Task description:
Would you return the data exactly as given, except for its pictures?

Source material: Begin

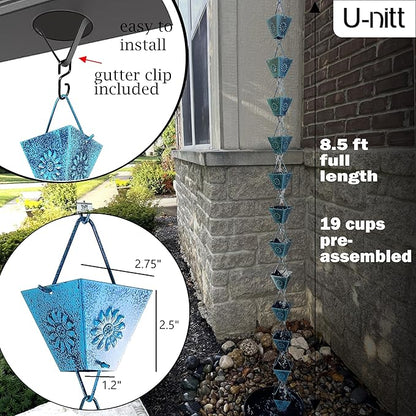 U-nitt Rain Chain Water Collection for Gutters Rainwater Catcher & Diverter, 8.5 FT Chains for Outside Garden Patina Square Cups, Roof Downspout, Works with Heavy Rain, w/ Gutter Clip for Rainchains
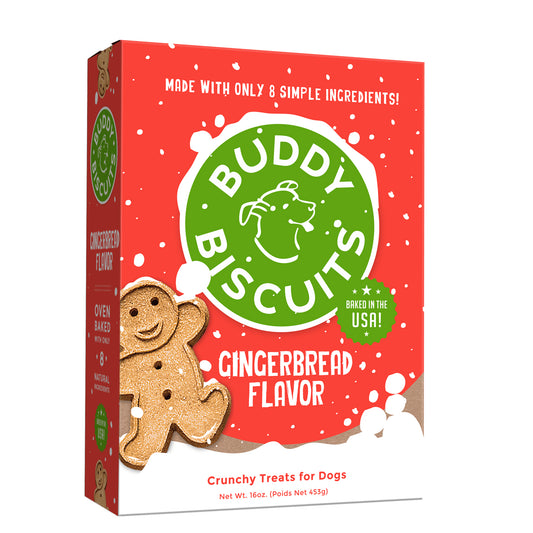 Buddy Biscuit Gingerbread flavored crunchy dog biscuits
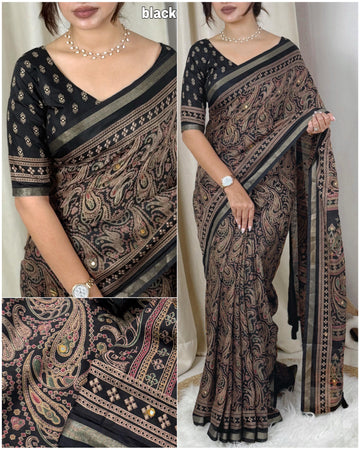 Black Pure Soft Cotton Kalamkari Print Saree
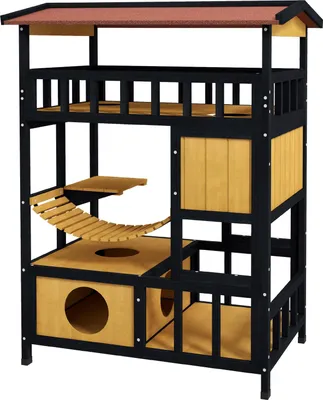 Image de Maison pour chats en bois Cave à chats avec plateformes, pont suspendu, niche pour jusqu'à 2 chats, intérieur et extérieur, jaune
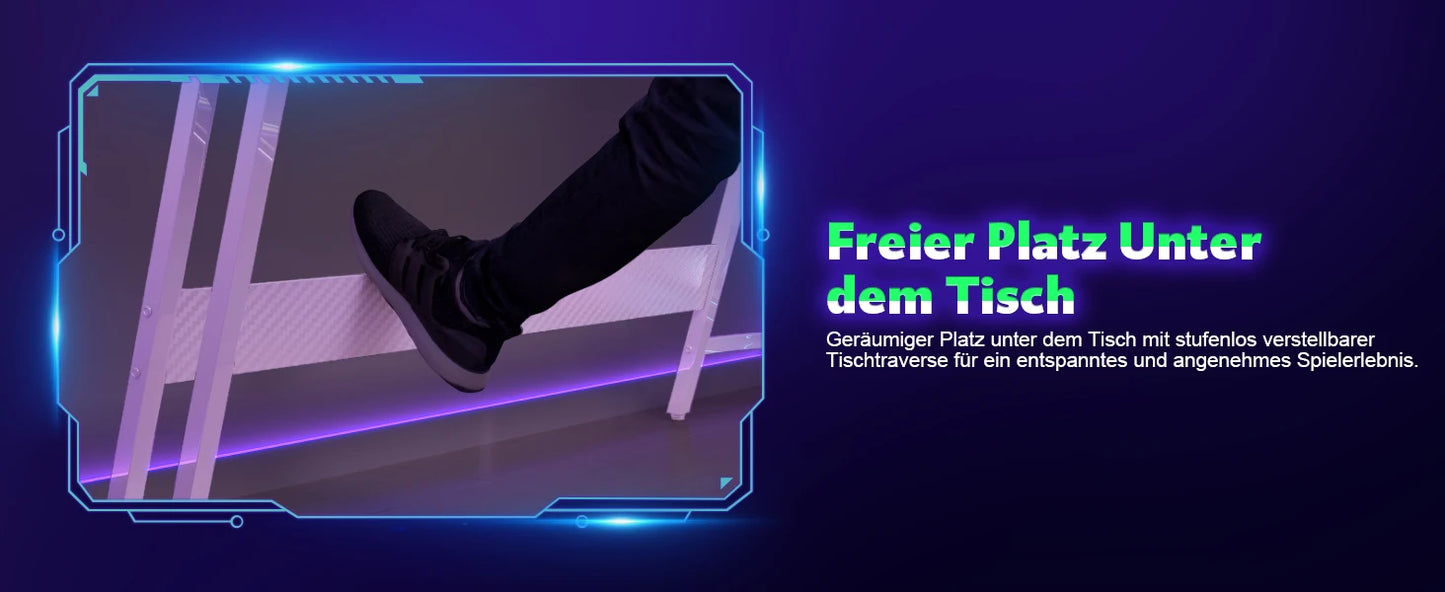 L-Form Gaming-Schreibtisch mit Monitorständer, großer PC-Computertisch für Gamer, Eckschreibtisch, Kohlefase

Source material: End

Expected answer:
 U-nitt Rain Chain Water Collection for Gutters Rainwater Catcher & Diverter, 8.5 FT Chains for Outside Garden Patina Square Cups, Roof Downspout, Works with Heavy Rain, w/ Gutter Clip for Rainchains
 Buddy Biscuit Gingerbread flavored crunchy dog biscuits
 Black Pure Soft Cotton Kalamkari Print Saree
 Image de Maison pour chats en bois Cave à chats avec plateformes, pont suspendu, niche pour jusqu'à 2 chats, intérieur et extérieur, jaune
 L-Form Gaming-Schreibtisch mit Monitorständer, großer PC-Computertisch für Gamer, Eckschreibtisch, Kohlefase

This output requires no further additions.